He aquí el retrato que hace de ella uno de sus contemporáneos:
"Cuando la conocí -dice- contaría unos veinticuatro años. Tenía los ojos negros, atrevidos,
brillantes, la tez blanca como la leche, la estatura regular y muy de buenas formas. De
extremada viveza era generosa con sus amigos y caritativa con los pobres. Muy valerosa
sabía manejar la espada y la pistola, montaba a caballo, vestida de hombre con pantalón
rojo, ruana negra de terciopelo y sueltos los rizos que se desataban a su espalda debajo de
un sombrerillo con plumas que realzaba su figura encantadora".
Por lo visto, a medida que aumentaban sus proezas doña Manuelita iba militarizando más y
más su vestido. Le añadía colores y le cosía nuevos galones.
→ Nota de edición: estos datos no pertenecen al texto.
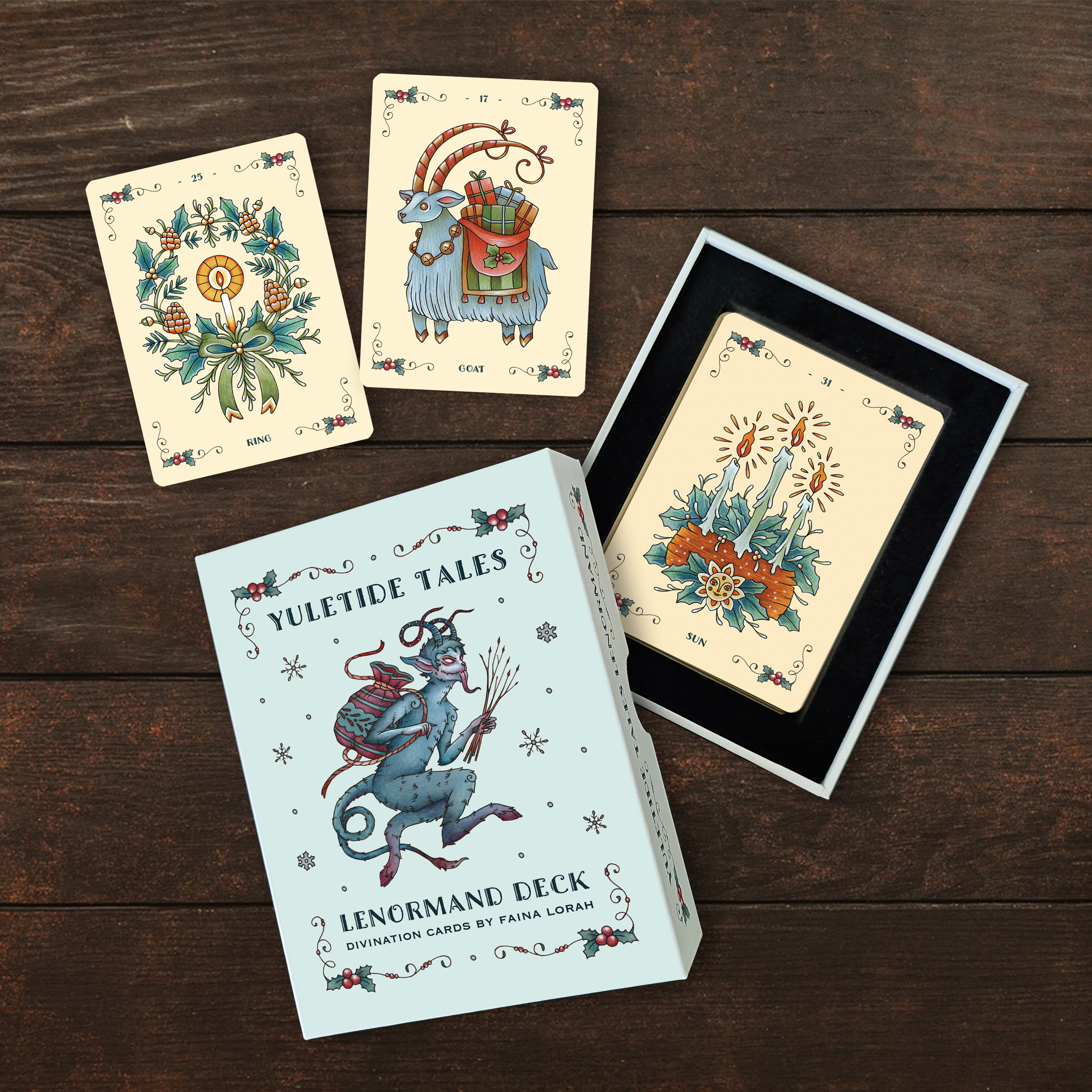 Yuletide Tales Lenormand Deck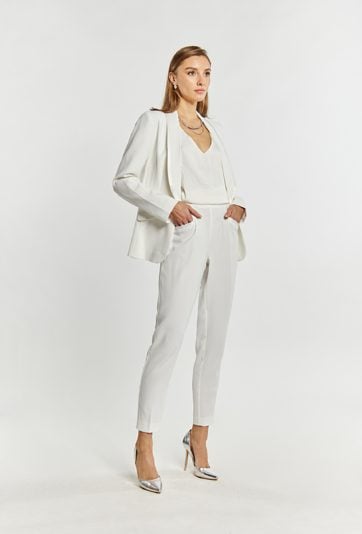 Materiałowe spodnie damskie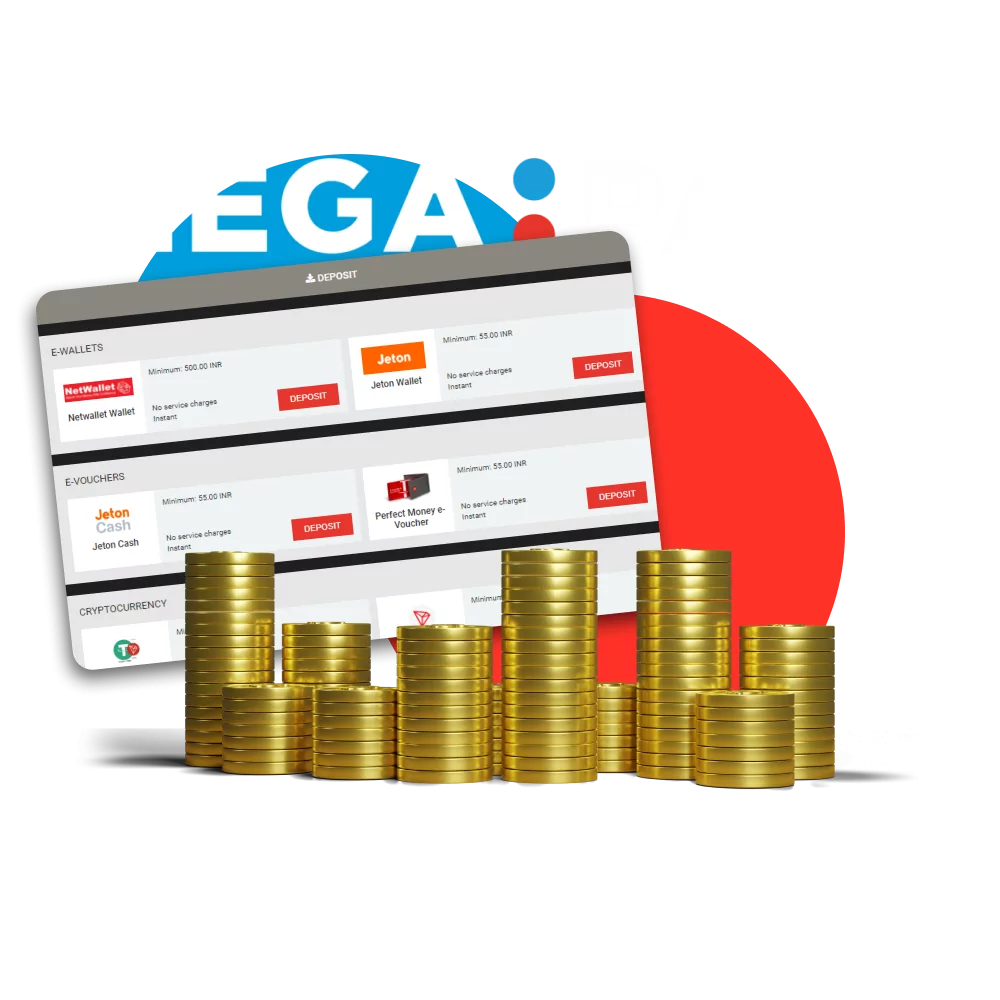 Megapari provides many popular deposit methods in India.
Digo esto porque Palma cita
otro retrato hecho poco después por un segundo testigo en el cual aparece con dolmán rojo,
botones amarillos y brandenburgos de oro.
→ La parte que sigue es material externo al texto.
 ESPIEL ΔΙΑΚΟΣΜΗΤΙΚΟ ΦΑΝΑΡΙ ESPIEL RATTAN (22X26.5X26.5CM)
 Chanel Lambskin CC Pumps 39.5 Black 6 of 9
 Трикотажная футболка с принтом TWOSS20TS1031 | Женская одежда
Sea como fuere es lo cierto que con su uniforme, su lanza, su caballo y sus negras ecuestres
que se llamaban Natán y Jonatás, doña Manuelita dio mucho que hacer a los gobiernos del
Perú y de Colombia cuando éstos se declararon hostiles a Bolívar. Al ausentarse él y
presentarse la menor ocasión, doña Manuelita que se creía obligada a guardarle las
espaldas, aprovechaba la oportunidad y hacía una salida lanza en ristre a lo Don Quijote.
Estas salidas casi nunca tuvieron éxito, muy al contrario, pero ella sin desanimarse,
continuaba al acecho. Por evitarse desasosiegos lo mismo el gobierno del Perú que el de
Colombia acabaron por desterrarla.
En el fondo doña Manuelita tenía siempre razón. Era la época triste de Bolívar, la de la gran
cosecha de ingratitudes, el calvario, los últimos años tan amargos de su vida. Sus proyectos
de unión y de concentración estorbaban los pequeños intereses. Disuelta la Gran Colombia
y anarquizada su obra lo acusaban por todas partes de tiranía y de autocracia. Al ausentarse
de un país a otro estallaban revueltas contra él. Era lo que sulfuraba a doña Manuelita y la
decidía a entrar en escena.
En Lima en 1827 tuvo lugar la traición de Bustamante dirigida naturalmente contra Bolívar
quien acababa de salir para Colombia. Advertida á tiempo doña Manuelita corrió a un
cuartel, hizo reaccionar a un batallón, pero fracasó en su intento y el gobierno que surgió
del cuartelazo la desterró del Perú.
Durante varios años vivió entonces en Bogotá en la Quinta Bolívar lado de éste, rodeada de
honores que le dispensaban todos los grandes hombres del día quienes la trataban como a la
mujer legítima de Bolívar. Las señoras se mostraban más esquivas, pero doña Manuelita no
se alarmaba por eso. Opinaba que la conversación de las mujeres era por lo general menos
interesante. En la célebre noche del 25 de septiembre en que un grupo de conjurados, como
saben todos ustedes, asaltó la casa para asesinar a Bolívar, doña Manuelita, que con
intuición admirable comprendió de lo que se trataba lo hizo huir por una ventana. Armada
con una pistola salió después ella misma al encuentro de los conjurados, les abrió la puerta
y logró despistarlos sobre el rumbo que al escapar habla tomado Bolívar. Desde aquella
noche, la llamaron y se llamó a sí misma la Libertadora.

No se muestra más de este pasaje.